Unfortunately, that doesn't work. The compiler first complains about the async* fn syntax:

error: expected item, found keyword `async`
  --> src/lib.rs:21:1
   |
21 | async* fn sign(file: ReaderStream) -> Result<Vec<u8>, Error> {
   | ^^^^^ expected item

Less hopeful, Alan tries just deleting the asterisk:

error[E0658]: yield syntax is experimental
  --> src/lib.rs:27:9
   |
27 |         yield Ok(chunk)
   |         ^^^^^^^^^^^^^^^
   |
   = note: see issue #43122 <https://github.com/rust-lang/rust/issues/43122> for more information

After reading about how yield is experimental, and giving up reading the 100+ comments in the linked issue, Alan figures he's just got to implement Stream manually.

Implementing Stream

Implementing a Stream means writing async code in a way that doesn't feel like the async fn that Alan has written so far. He needs to write a poll function and it has a lot of unfamiliar concepts:

  • Pin
  • State machines
  • Wakers

Unsure of what the final code will look like, he starts with:

#![allow(unused)]
fn main() {
struct SigningFile;

impl Stream for SigningFile {
    type Item = Result<Vec<u8>, Error>;
    
    fn poll_next(self: Pin<&mut Self>, cx: &mut Context)
        -> Poll<Self::Item>
    {
 
    }
}
}

Pin :scream:

First, he notices Pin. Alan wonders, "Why does self have bounds? I've only ever seen self, &self, and &mut self before". Curious, he reads the std::pin page, and a bunch of jargon about pinning data in memory. He also reads that this is useful to guarantee that an object cannot move, and he wonders why he cares about that. The only example on the page explains how to write a "self-referential struct", but notices it needs unsafe code, and that triggers an internal alarm in Alan: "I thought Rust was safe..."

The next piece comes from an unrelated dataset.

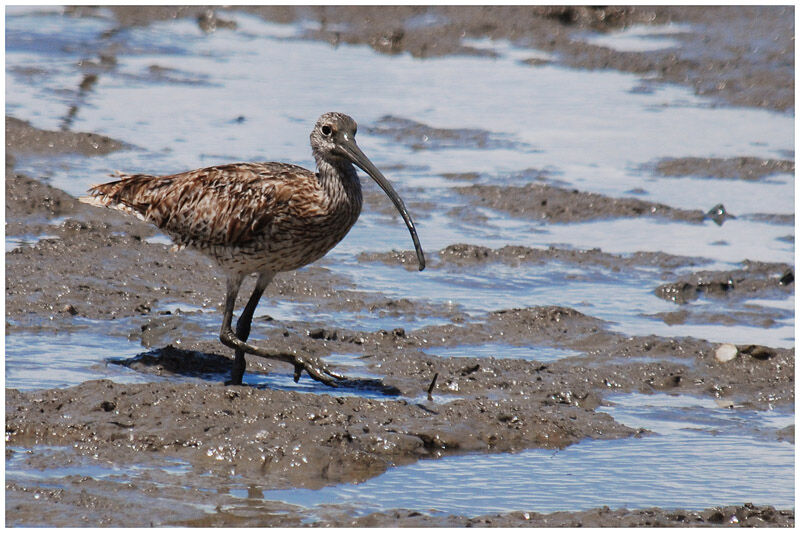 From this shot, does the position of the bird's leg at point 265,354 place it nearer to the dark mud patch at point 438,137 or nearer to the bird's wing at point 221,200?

After asking Barbara, Alan realizes that the types he's depending on are Unpin, and so he doesn't need to worry about the unsafe stuff. It's just a more-annoying pointer type.

State Machine

With Pin hopefully ignored, Alan next notices that in the imperative style he wanted originally, he didn't need to explicitly keep track of state. The state was simply the imperative order of the function. But in a poll function, the state isn't saved by the compiler. Alan finds blog posts about the dark ages of Futures 0.1, when it was more common for manual Futures to be written with a "state machine".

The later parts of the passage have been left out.